Web page caption snippets
★ ★ ★ ★

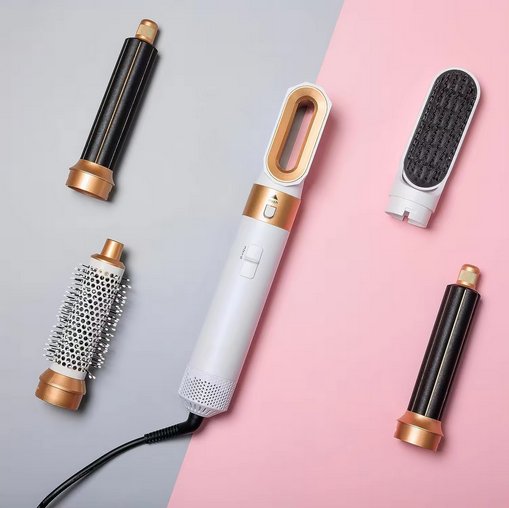 Professioneller Airstyler mit 5 Wechselköpfen: Locken, Wellen, Trocknen, Glätten & Volumen für alle Haartypen.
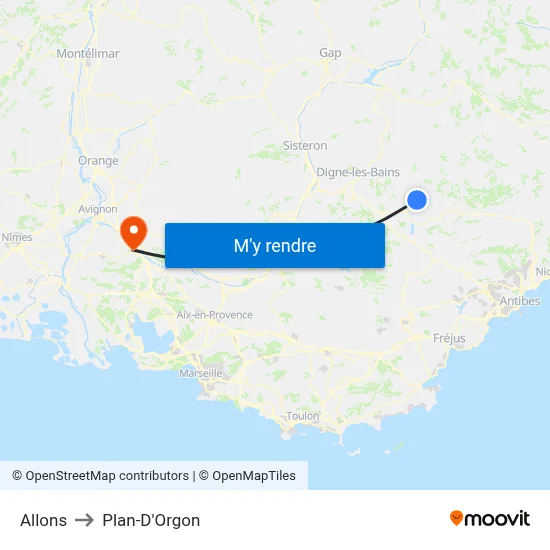 Allons to Plan-D'Orgon map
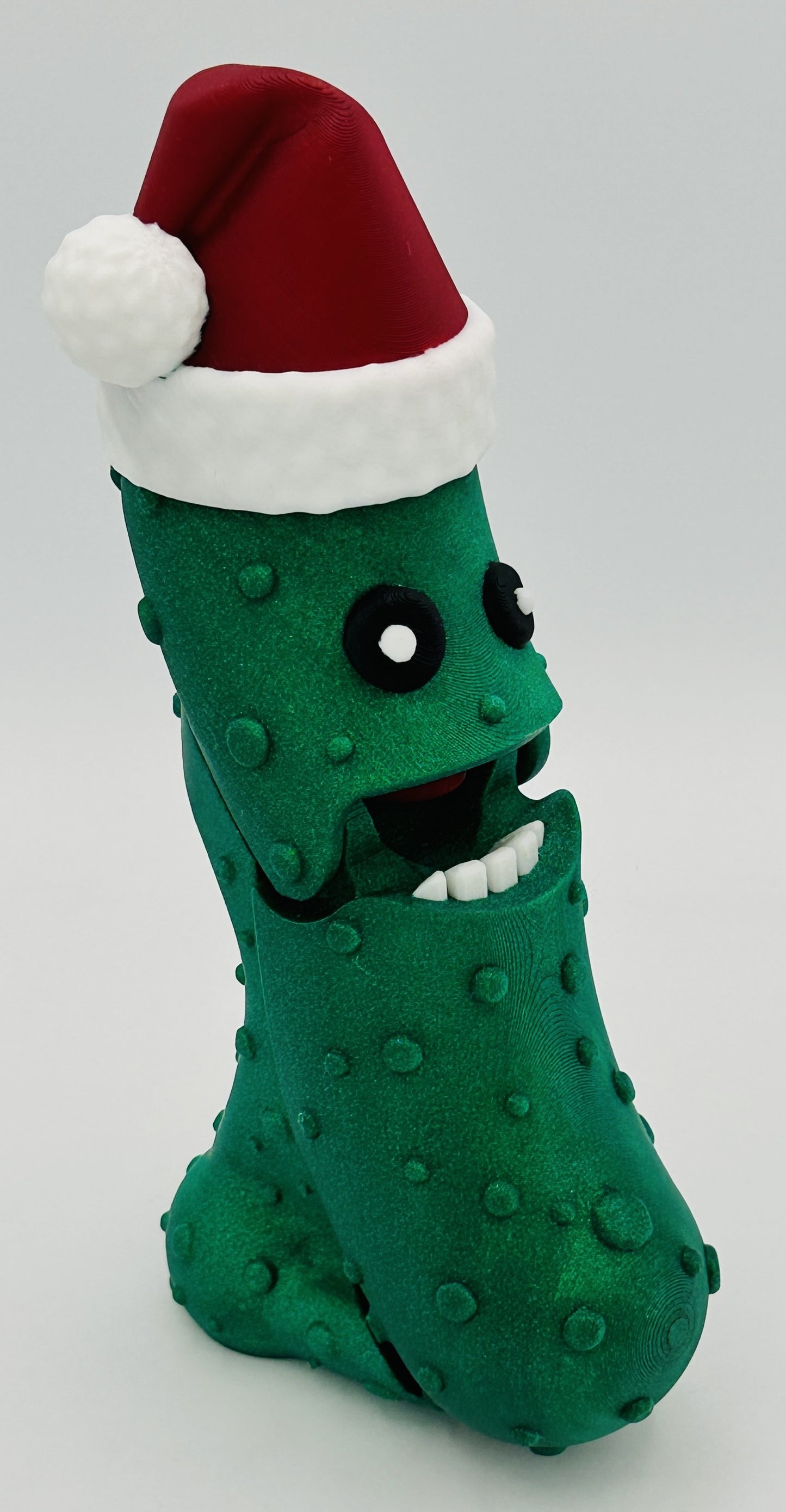 Santa Pickle - 7" Articulated Tickle Pickle with Butt stand
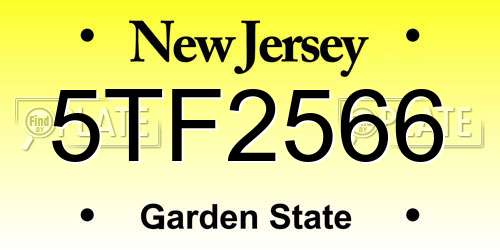 5TF2566 New Jersey License Plate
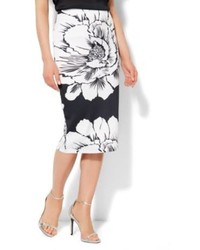 New York & Co. 7th Avenue Design Studio Scuba Midi Skirt Bold Floral Print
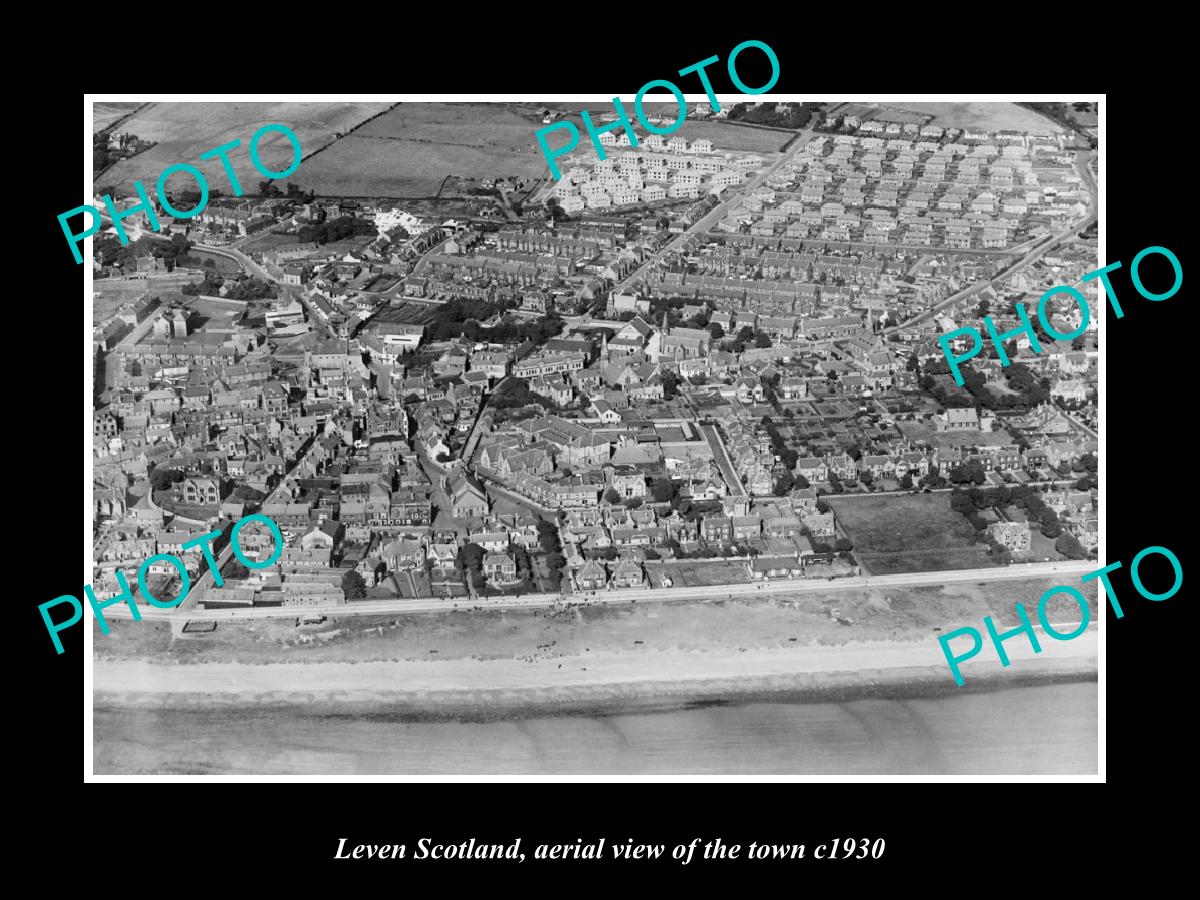 OLD LARGE HISTORIC PHOTO OF LEVEN SCOTLAND, AERIAL VIEW OF THE TOWN c1930 2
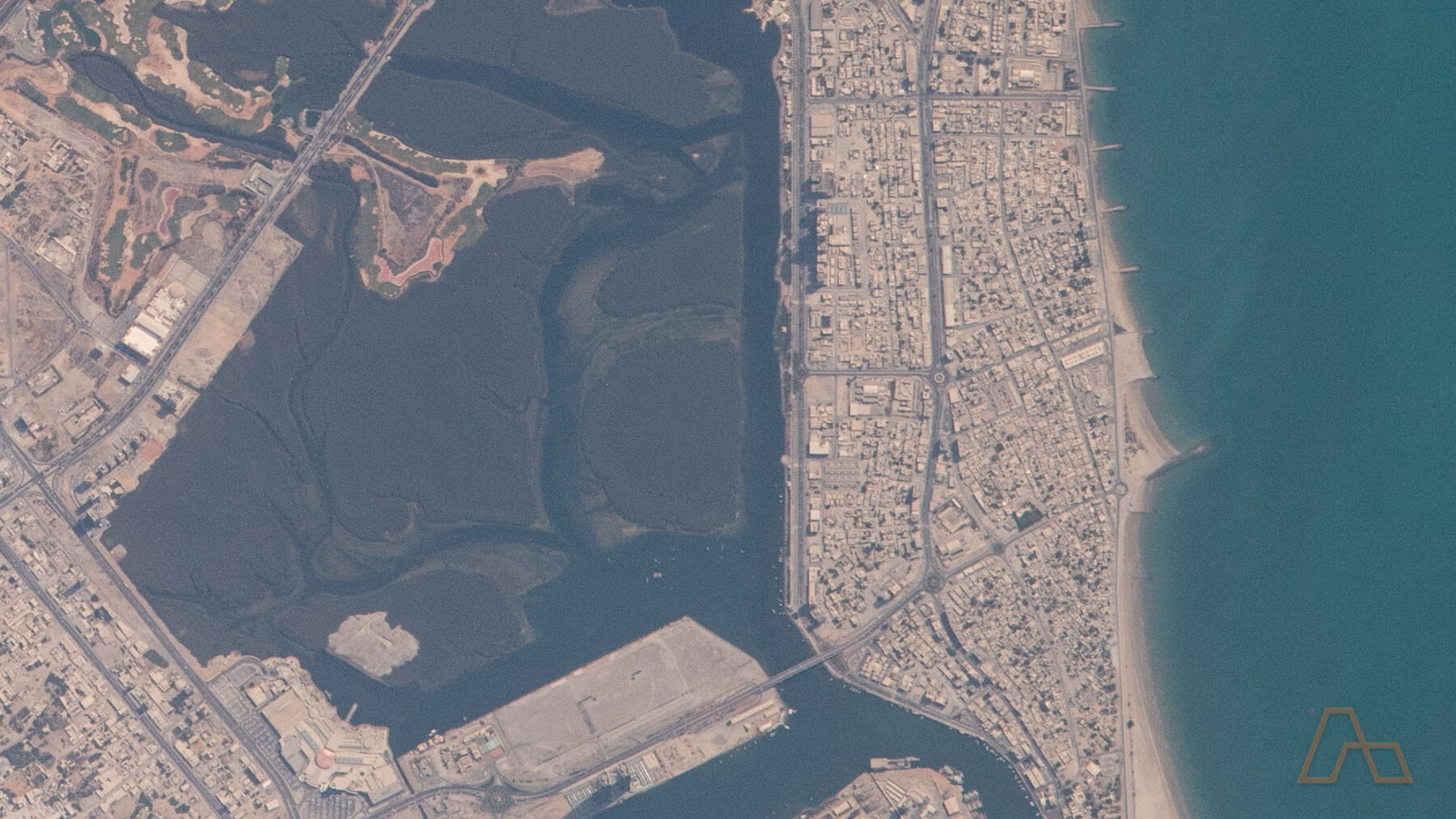 Ras Al Khaimah city and its creek photographed from the International Space Station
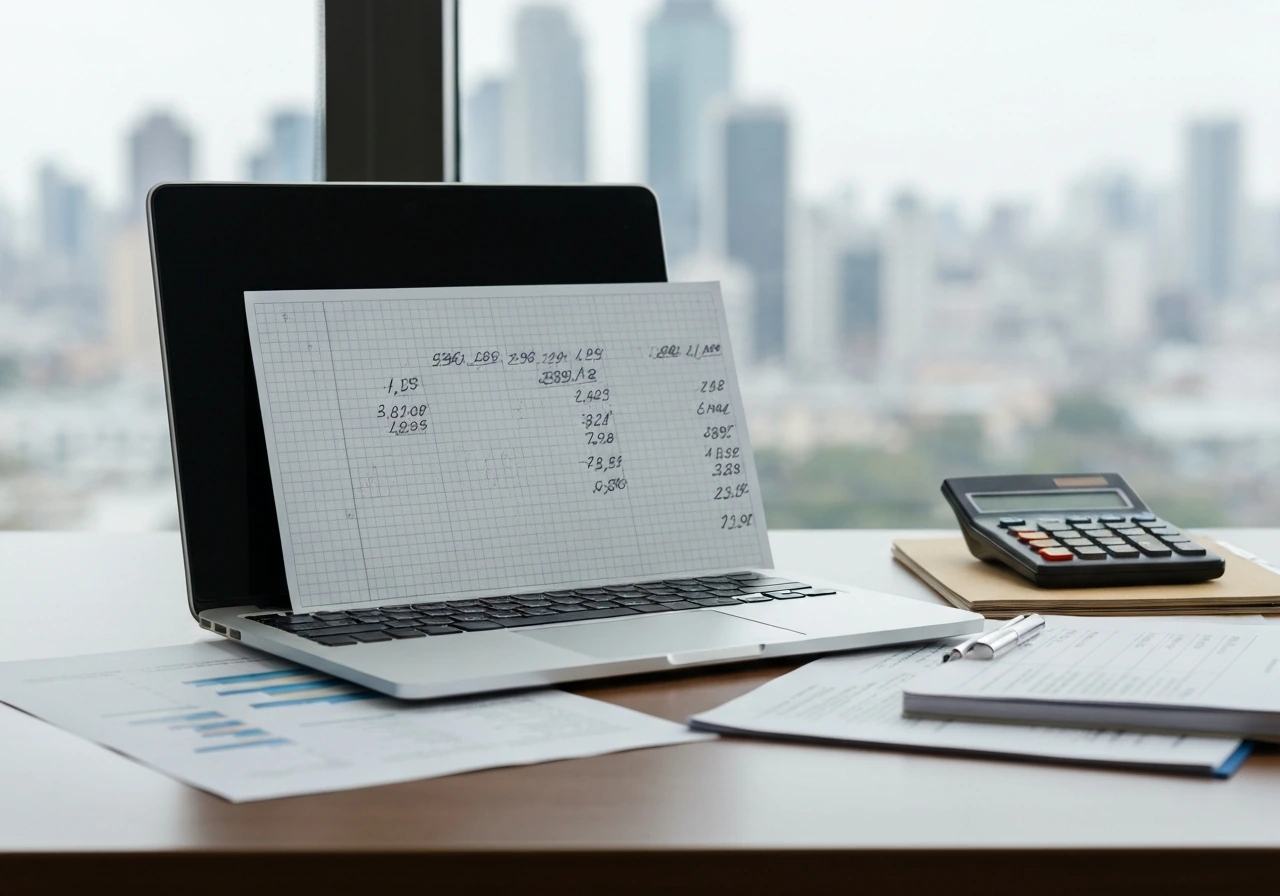 Open laptop and calculator on a desk with blank ledger-style grid to symbolize assets minus liabilities.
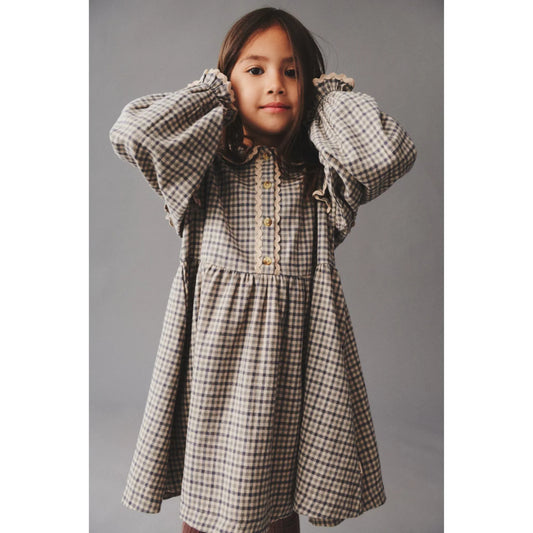 L/S Alissa Dress  | Blue Check | Wheat Kids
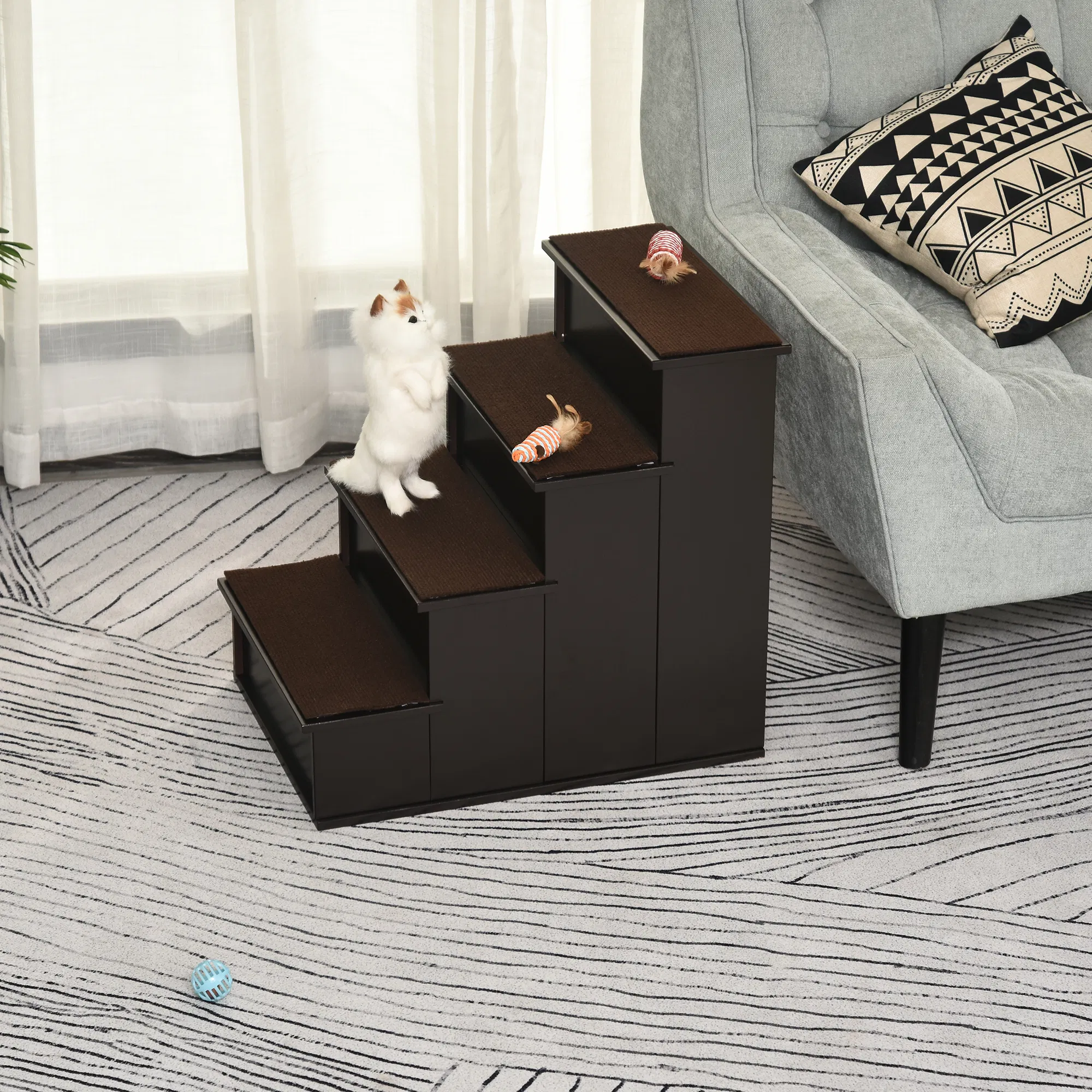 4 Levels Wooden Dog Steps Pet Stairs for High Bed, Cat Ladder for Bed Couch with Non-Slip Carpet, Dark Coffee photo 5
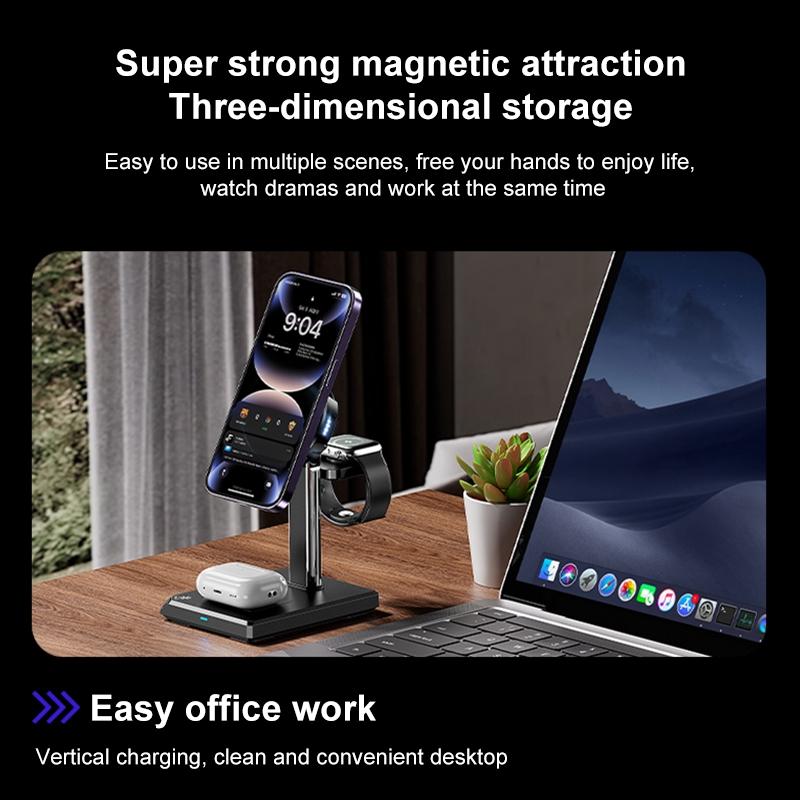 15W 4 In 1 Magnetic Wireless Charger Stand - White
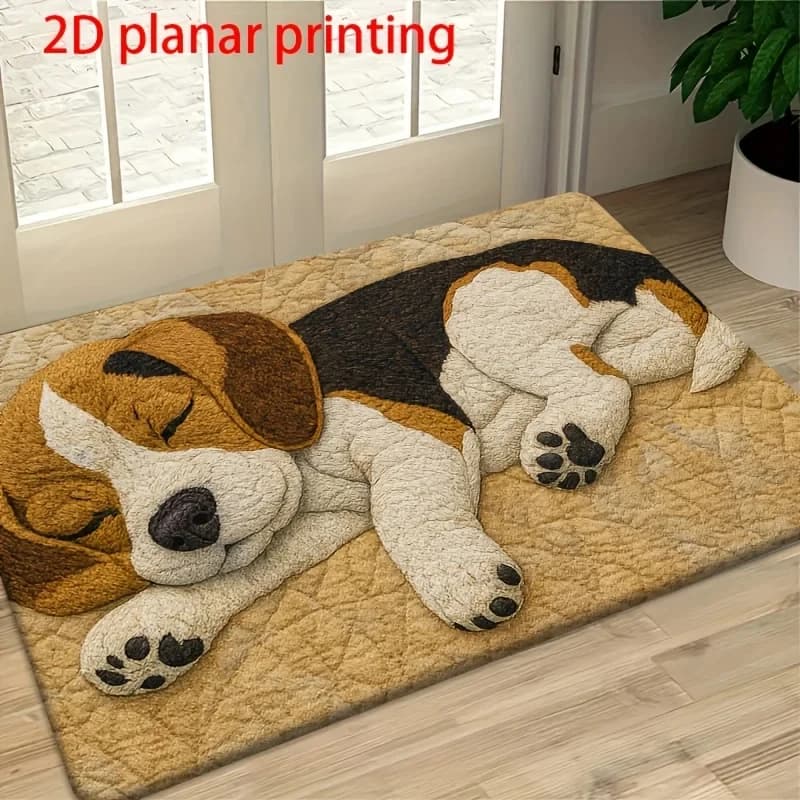 VIKAMA Tappetino Antiscivolo Lavabile con Stampa 3D di Cane Beagle Dormiente, per Ingresso, per Amanti dei Cani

★ ★ ★ ★

Only what runs from the line containing "4 Levels Wooden" through the end of the entries above should be extracted, exactly and without pictures.

 4 Levels Wooden Dog Steps Pet Stairs for High Bed, Cat Ladder for Bed Couch with Non-Slip Carpet, Dark Coffee photo 5
 15W 4 In 1 Magnetic Wireless Charger Stand - White
 VIKAMA Tappetino Antiscivolo Lavabile con Stampa 3D di Cane Beagle Dormiente, per Ingresso, per Amanti dei Cani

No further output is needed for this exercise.